All sources on the internet say Shaq has a hand length of 11-12 inches. So I will go with 11.5. Therefore, his tip to tip would be roughly 13.98, so basically 14 inches. So 5.6 cubes. My estimate was way off(probably because I was 11 when I met him), but my hand size is definitely right. I'm 6 foot 8.5 inches, so I am bounud to have pretty big hands. Plus. it's only half a cube bigger than Lucas.


----------



## Lance Taylor (Jul 3, 2009)

I thought my hands were pretty big, but they span 1/2 a cubie less than lucas' hands do.

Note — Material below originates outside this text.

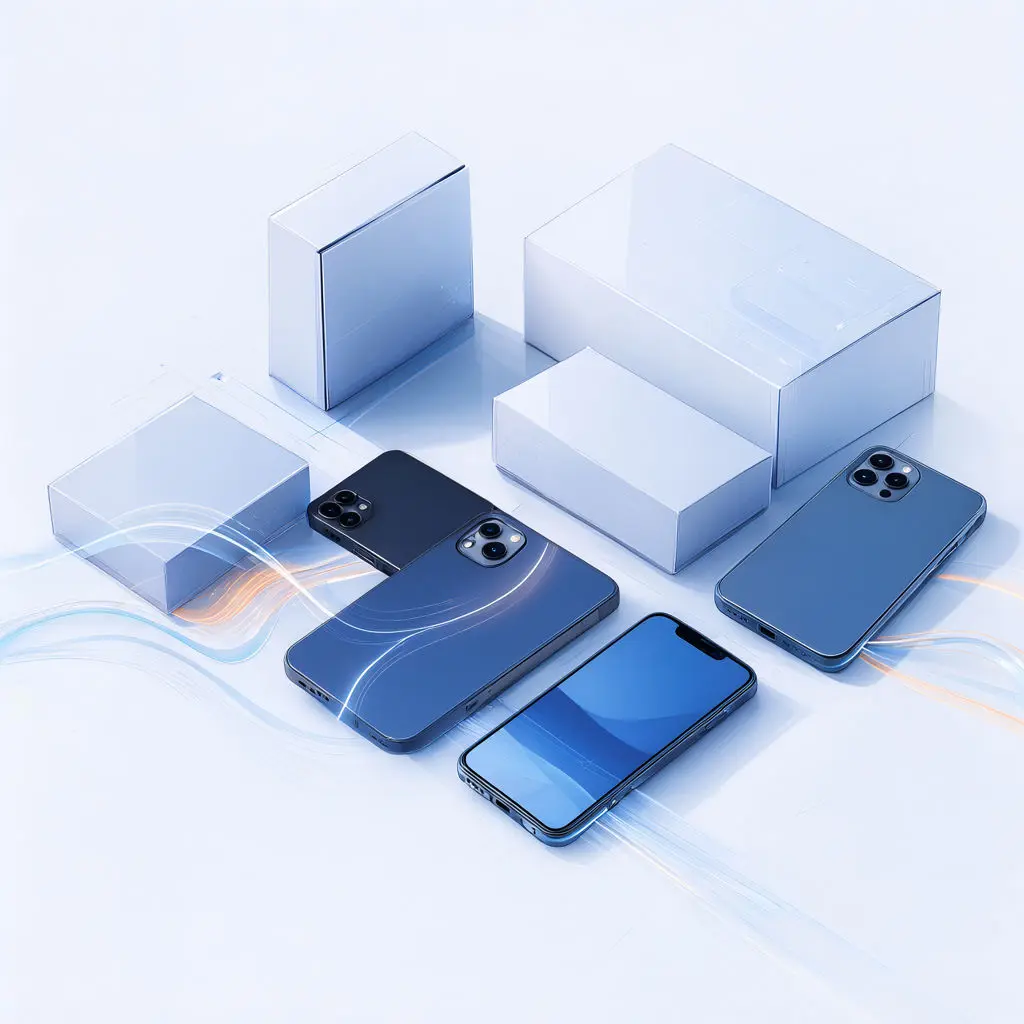 Four smartphones and white product boxes rest on a pale surface with blue and orange light trails.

Oscar Peterson has big hands. It pisses me off.

But yea, I think big hands are better than small for cubing.. could be wrong though. I know Weston, that your hands are probably much larger than mine. And you know what they say about guys with big hands... 

they wear big gloves!

Yeah, yea I know. cpt.Justice beat me to it. Couldn't resist though.


----------



## anythingtwisty (Jul 4, 2009)

My hand spans 4 and 1/3 cubes, but I'm only 5 foot 8 right now.


----------



## Dene (Jul 4, 2009)

I get three cubes and two cubies. I have small hands, and fat fingers. Not quite optimal for cubing :/


----------



## TMOY (Jul 4, 2009)

mark3 said:


> fanwuq said:
> 
> 
> > 1cube=2.5 inches
> ...


----------



## fanwuq (Jul 4, 2009)

TMOY said:


> mark3 said:
> 
> 
> > 1cube=2.5 inches
> ...



Wrong quote.  I said 1 cube = 5.6 cm

Mark, 
14/2.25 = 6.22.

I still doubt that Shaq's hand is 11.5 in. The WR was 26.9cm, which is around 10.6 in.
Since your proportion is 1.29, while mine is 1.14, I will calculate again using your ratio. 26.9*1.29= 34.7cm. 34.7/5.6= 6.197 cubes. I think Shaq would be slightly smaller than that, so probably around 6 cubes. You also messed up your calculation. 11.5*1.29=14.835, or 6.6 cubes. Your ratio is really crazy!
Now I'm interested in everyone else's ratio of tip of thumb to tip of pinky compared to tip of middle to bottom of palm.


----------



## JLarsen (Jul 4, 2009)

I got 3 and some change. I'm not surprised though I'm small. 5" 5'. I'm 17 by the way hahahahahaha.


----------



## cookingfat (Jul 4, 2009)

I thought I had big hands, they are 4 cubes from thumb to pinky. Lucas you really have big hands, lol. I can't stretch mine in a straight line like that though, it's more like a V shape.


----------



## rahulkadukar (Jul 4, 2009)

Mine cover three cubes a two 3x3x3 and a 4x4x4 ES. That is small.

Lucas nice pic and man you do have large hands


----------



## lotsofsocks (Jul 8, 2009)

I can oly cover two cubes...but im only 13 yrs. old...


----------



## JTW2007 (Jul 8, 2009)

I get 3 and a half.


----------



## rahulkadukar (Jul 8, 2009)

JTW2007 said:


> I get 3 and a half.



Same here 

How old are you? I am 22


----------



## rachmaninovian (Jul 8, 2009)

TMOY said:


> nitrocan said:
> 
> 
> > Rachmaninoff's hands were pretty big.
> ...



damn me has small hands at 6.5 inches span from thumb to pinky...i can only comfortably play 9ths but i can force a 10...
damn rachmaninoff...

anyone knows how big qqwref's hands are?


----------